# Black Chicken



## gdwood84 (Nov 12, 2019)

I am new to raising chickens but we received a black chicken from a friend of ours. I am not sure the breed but was very interested in finding out. If anyone has a clue please let me know. I will post pictures later after work.


----------



## robin416 (Sep 8, 2013)

Welcome. Yes, a good side shot of the bird would be very helpful in making an identification. 

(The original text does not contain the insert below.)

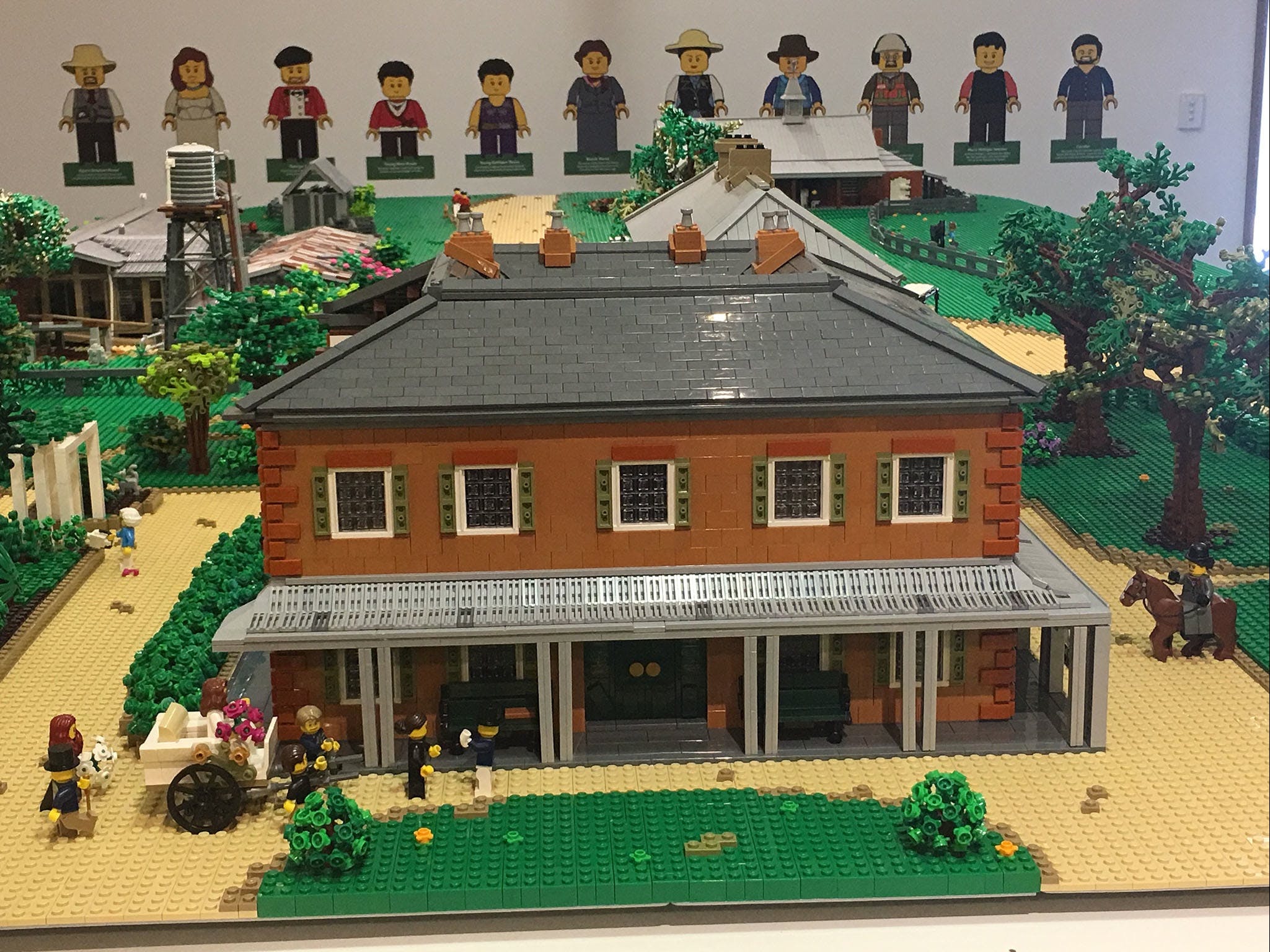Rouse Hill House and Farm in Lego Bricks - QLD Tourism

Chances are I'll have to pull others in to help ID the bird because unless I raised the breed I stink when it comes to IDing other breeds.


----------



## gdwood84 (Nov 12, 2019)

I will be happy to post a picture of her. She looks a lot like a Ayam Cemani by the pictures I have seen on the websites. Thank you and I am looking forward to making a lot of contacts


----------



## robin416 (Sep 8, 2013)

If you don't know the parentage there is also the possibility that she's mixed.


----------



## gdwood84 (Nov 12, 2019)




----------



## robin416 (Sep 8, 2013)

Scroll down to the bottom of the page to the Swedish black: https://www.mentalfloss.com/article/58852/11-beautiful-black-chickens

The tail, to me, is wrong and I don't see a larger comb of the Ayam C.


----------



## gdwood84 (Nov 12, 2019)

I agree with you on the comb. I am not sure of the age and not sure if the comb grows as they age. I ran across this same article when I was researching as well. Thank you for the help in identifying our chicken.


----------



## robin416 (Sep 8, 2013)

I'm giving a shout to one of our less active members, see if he can tell me I'm wrong once again. I think that's the only reason he shows up anymore.


----------



## Nm156 (May 16, 2015)

I'd guess a mixed breed. Ayams are expensive so they're usually not given away.


----------



## Maryellen (Jan 21, 2015)

Her wattles are not black, she is either a mix or a full ayem but a cull,as the breed is to be ALL black, with no leakage on wattles,combs ,inside mouths. No one gives away this breed unless they are culls or mixes


----------



## Sylie (May 4, 2018)

I have to agree on mixed. Maybe it's the pic but the head isn't shaped just right for either the swedish or the ayam. Makes me think mixed.


----------